▸ **Required action**
Would you reproduce the data below exactly, please, leaving out its images?

▸ **Supplied data**
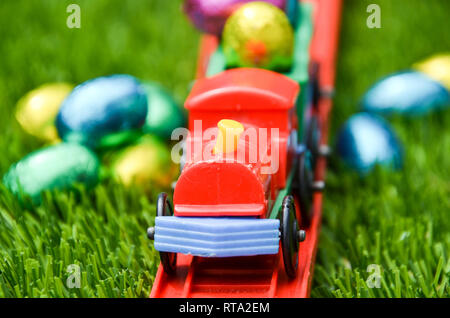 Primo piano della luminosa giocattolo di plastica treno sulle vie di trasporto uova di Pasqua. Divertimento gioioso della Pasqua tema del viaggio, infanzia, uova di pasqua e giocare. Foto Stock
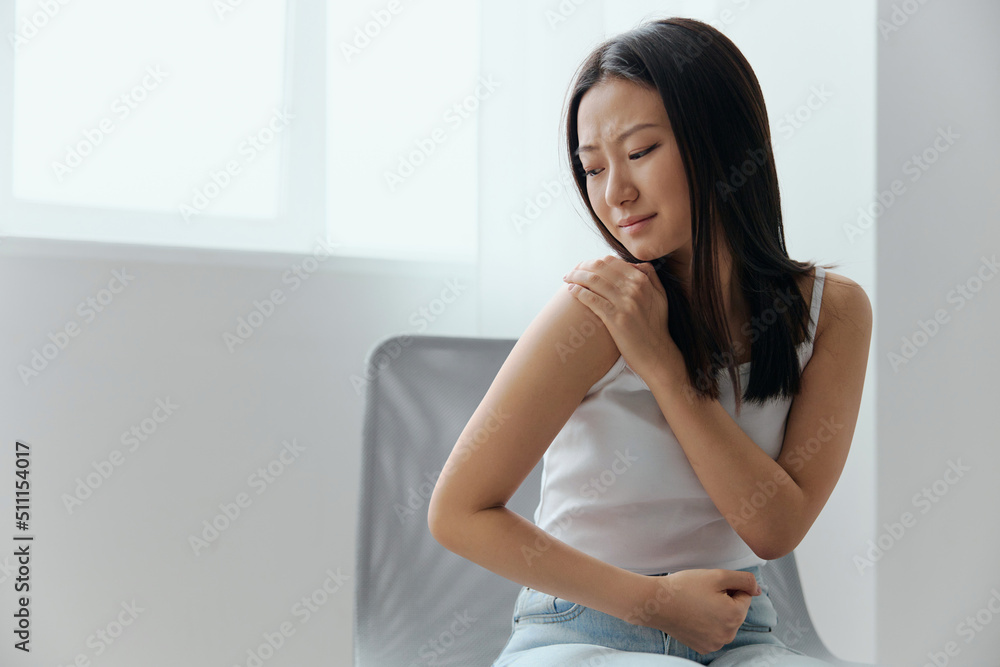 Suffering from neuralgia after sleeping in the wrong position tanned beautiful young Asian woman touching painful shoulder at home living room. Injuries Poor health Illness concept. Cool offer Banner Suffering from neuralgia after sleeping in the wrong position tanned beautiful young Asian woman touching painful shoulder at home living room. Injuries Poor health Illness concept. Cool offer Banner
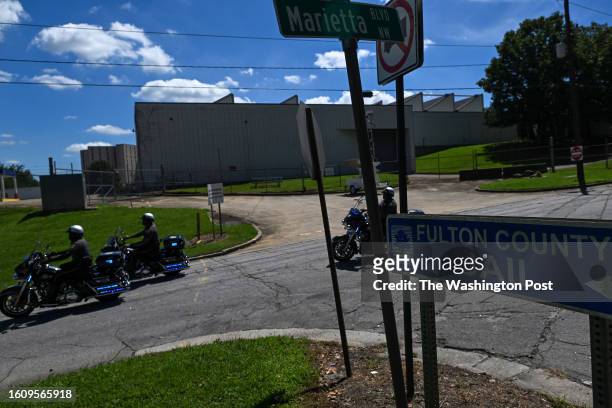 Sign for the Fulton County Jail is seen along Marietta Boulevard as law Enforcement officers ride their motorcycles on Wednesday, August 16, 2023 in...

▸ **Your response**
 Primo piano della luminosa giocattolo di plastica treno sulle vie di trasporto uova di Pasqua. Divertimento gioioso della Pasqua tema del viaggio, infanzia, uova di pasqua e giocare. Foto Stock
 Suffering from neuralgia after sleeping in the wrong position tanned beautiful young Asian woman touching painful shoulder at home living room. Injuries Poor health Illness concept. Cool offer Banner Suffering from neuralgia after sleeping in the wrong position tanned beautiful young Asian woman touching painful shoulder at home living room. Injuries Poor health Illness concept. Cool offer Banner
 Sign for the Fulton County Jail is seen along Marietta Boulevard as law Enforcement officers ride their motorcycles on Wednesday, August 16, 2023 in...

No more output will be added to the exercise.